A reflector 6 is arranged on the backside of the light guide plate 3, and fixed by the frame 1 or adhered to the backside of the light guide plate 3. The reflector 6 is used to reflect the light within the light device, for example, to increase the overall efficiency of the lighting device.

In an embodiment, the light guide plate 3 may have a rectangular plate shape, circular plate shape, elliptical plate shape, or another suitable shape. It is matched with the light guide plate 3 in shape, and correspondingly the frame 1 has an annular shape matched with the peripheral shape of the light guide plate 3. In order to enhance the heat dissipation performance of the lamp, a plurality of heat dissipation fins 7 are disposed on the external of the frame 1 in close proximity to the light sources 2 to allow the heat generated by the light sources 2 during operation to be conducted to the heat dissipation fins 7 and dissipated to the surrounding air, as shown by FIG. 19.
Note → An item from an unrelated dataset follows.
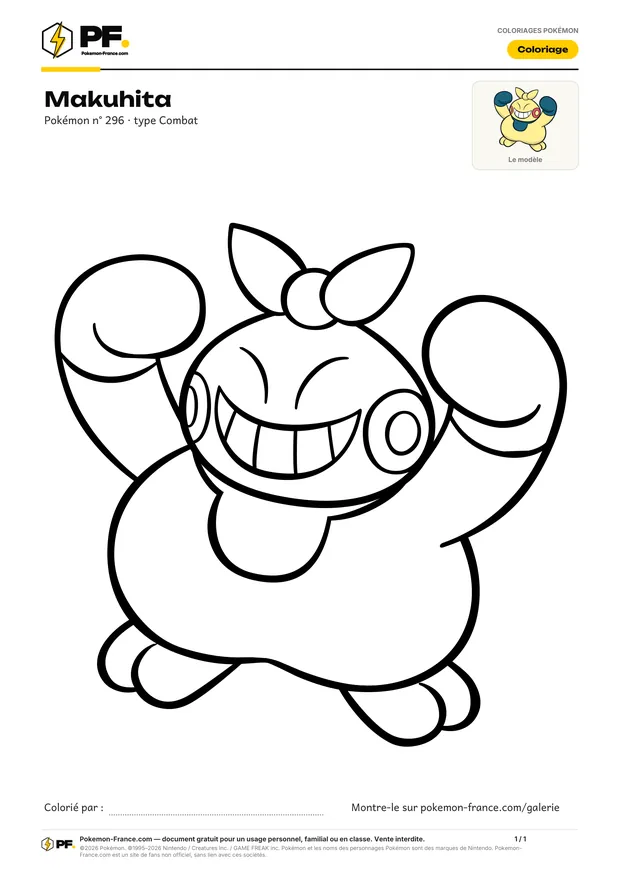 Coloriage Makuhita à imprimer au format A4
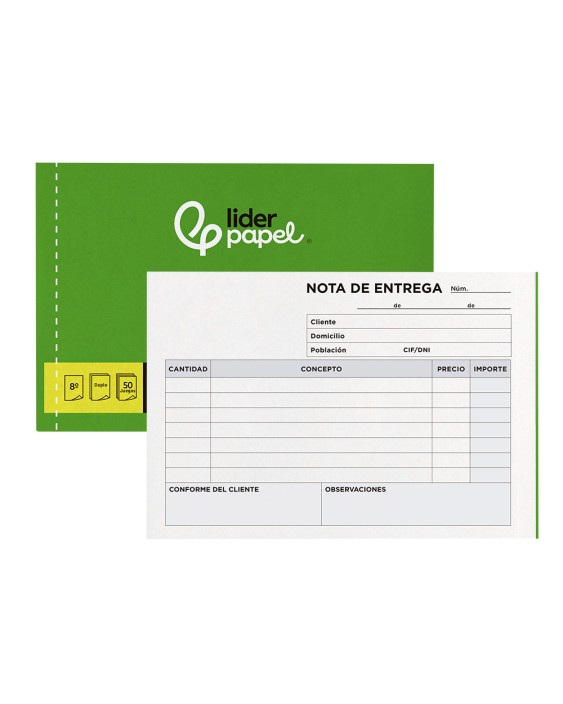 Talonario liderpapel entregas 8º original y copia t228 apaisado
The light guide plate 3 may have a circular or elliptically ring shape, as shown in FIGS. 20, 21 and 22, or have a rectangular ring shape, as shown in FIGS. 23, 24, and 25. In order to match with the light guide plate 3, the frame 1 consists of an outer frame 11 and an inner frame 12. The outer frame 11 is configured in a ring shape to match with the outer edge of the light guide plate 3, and thus to enclose the outer edge of the light guide plate 3. The inner frame 12 is configured in a ring shape to match with the inner edge of the light guide plate 3 and thus to enclose the inner edge of the light guide plate 3.

The phosphor 4 may be coated on the inner or/and outer walls of the light guide plate 3. Accordingly, the light sources 2 could be arranged on the inner or outer sides of the light guide plate 3, corresponding to the position of the phosphor 4, and fixed by the outer frame 11 or inner frame 12. However, the structure may vary according to actual needs. On the outer surfaces of the outer frame 11 and inner frame 12, the heat dissipation pins 7 are arranged in close proximity to the light sources 2 to allow the heat generated by the light sources 2 during operation to be conducted to the heat dissipation pins 7 and dissipated into the surrounding air.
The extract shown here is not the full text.